I slip her a wad of cash and excuse myself. Oliver and Felix are so caught up in their good time they hardly even notice that I’m leaving the private room. Dean immediately gets up and grabs my arm, checking to make sure I’m alright.
“Bathroom break,” I say, half smiling to downplay the fact that I’m just trying to get the hell out of there.
Dean nods and returns to his seat on the couch. I feel a rush of relief once I’m on the other side of the curtain, even though the club is as energetic as ever.
I know that since I’m already out, I should take the opportunity to relax. I don’t need an intense lap dance to have a good time. I call the bartender over and order myself a drink.
It’s not like me, but I gulp it down completely the second it reaches me. I notice some girls sitting at the bar looking cute and ask the bartender to send them drinks on me. I take a seat and enjoy another drink when one of the girls looks over at me and gives me a flirtatious look.
We both stand up and walk toward each other. She thanks me for the drink I sent her and we dance together a little bit.
I wouldn’t normally dance so comfortably with a perfect stranger, but the drinks seem to be hitting me hard. She moves in on my body, moving her hands around and down my back. I can’t believe it, but even more than the guilt I feel about Lyla, the rush of thoughts and memories of Amelia are back in my brain.
“I’m sorry,” I say, realizing that the night is an epic fail. I need to get out of here. I need to get home, back to Hayden, back to bed where I belong.
I can tell I’m feeling buzzed as I walk to the front of the club. I don’t want to bother the guys who seem to be having a good time, so I take my cell phone out and call an Uber. I then text Dean, saying that I’m sorry but I’m not feeling good. I’ll need to take a rain check on coming out again.
I’m already driving off when I get a text from Dean telling me to feel better. I’m surprised he isn’t giving me a hard time, considering how out of his way he must have gone to make tonight a more than special event.
I’m just thankful to be home as the Uber pulls up to the house.
As I get out of the car, I spot Amelia’s car in the driveway and remember that I still need to face her, to send her on her way. She’s sitting on the couch, in the same spot where I last saw her naked.
She looks up from her phone and must notice I’m a little wobbly on my feet because she’s right next to me in just a few seconds.
“Are you okay?” she asks, ushering me to the nearest chair. “Can I get you water or something? Something to eat?”
As she’s leaning down, I can’t help but put my hand on her cheek and give her a deep kiss. When we pull away, she’s looking at me breathlessly, confused. The only thing I can think to say is what I’ve been thinking all night as the other girls were all over me.
“The only thing I want to taste is you.”
“Maybe some other time, okay? You seem pretty drunk.”
She takes me by the hand and leads me through the house, up the stairs, and to the bedroom. A part of me wonders if she’s going to change her mind and let me have her as soon as we reach the bed. Instead, she helps me sit down on the edge of thebed, watches me kick my shoes off, and tucks me in under the covers. I haven’t felt this intoxicated in a long while.
She leans in and gives me a small, sweet kiss. “Have a good night, okay? Hayden’s been asleep for a little while. I’ll just see myself out.”

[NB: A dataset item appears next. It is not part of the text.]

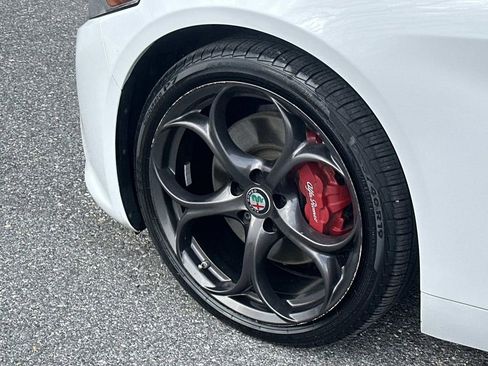 Used 2018 Alfa Romeo Giulia Ti Sport w/ Quick Order Package 22S Sport image 40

Just the smell of her has me excited. The taste of her lips has me craving her. I want her again. I want her body all over mine. I can feel the growing need in my pants. I can’t tell her that though. I know she probably thinks I’m a jerk after not contacting her this whole time and pushing for only one thing.

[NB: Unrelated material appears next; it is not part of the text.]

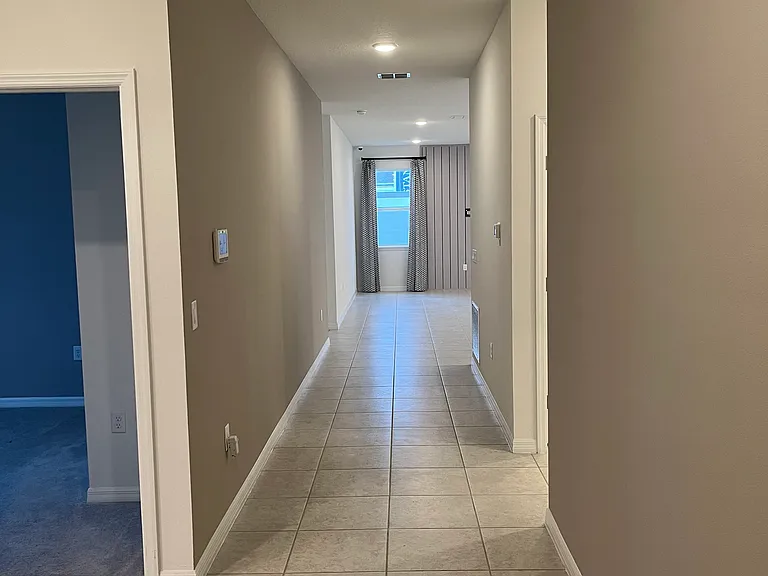 1658 Blue Lagoon Cir — Photo 15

She leaves the room and closes the door behind her. I’m left with a raging hard-on and I don’t know what to do with it except take care of it.
I pull my pants down and grab onto my cock as the taste of Amelia lingers on my lips. I imagine her opening the door again and telling me she’s changed her mind.
I remember what her body felt like all over mine, what her lips felt like wrapped around my desperately hard cock. I rub myself vigorously as I imagine myself fucking her brains out, her moans in my ear, and the bounce of her tits as she rides me. I climax in minutes, the release so good after thinking about her all night.
I do a half attempt at cleaning myself up a bit so I can sleep comfortably, and before I know it, I’m passed out in this darkness. It isn’t until I open my eyes again and the sun is glaring through the window and Hayden is knocking at my door that I realize how awkward and how much worse I made things with Amelia last night.
I can’t quite piece it all together, but I know I’m in so much deeper with her now, and I have no idea what in the hell to do about it.
9
AMELIA
The longer I think about it the more guilty I feel. I know it’s stupid and unproductive, but it enters my head at the oddest times.
Most often it happens when I’m playing with Hayden, and she gives me one of her silly expressions that I know she’s learned from Jackson. On her they’re innocent and adorable. On him, they’re hot and very appealing.
Why do I keep coming back to this? It’s never going to be erased. I can’t change what happened. Do I actually wish I could? I don’t really know, and that’s why I can’t seem to get past it. Beating myself up about it over and over again isn’t helping me at all.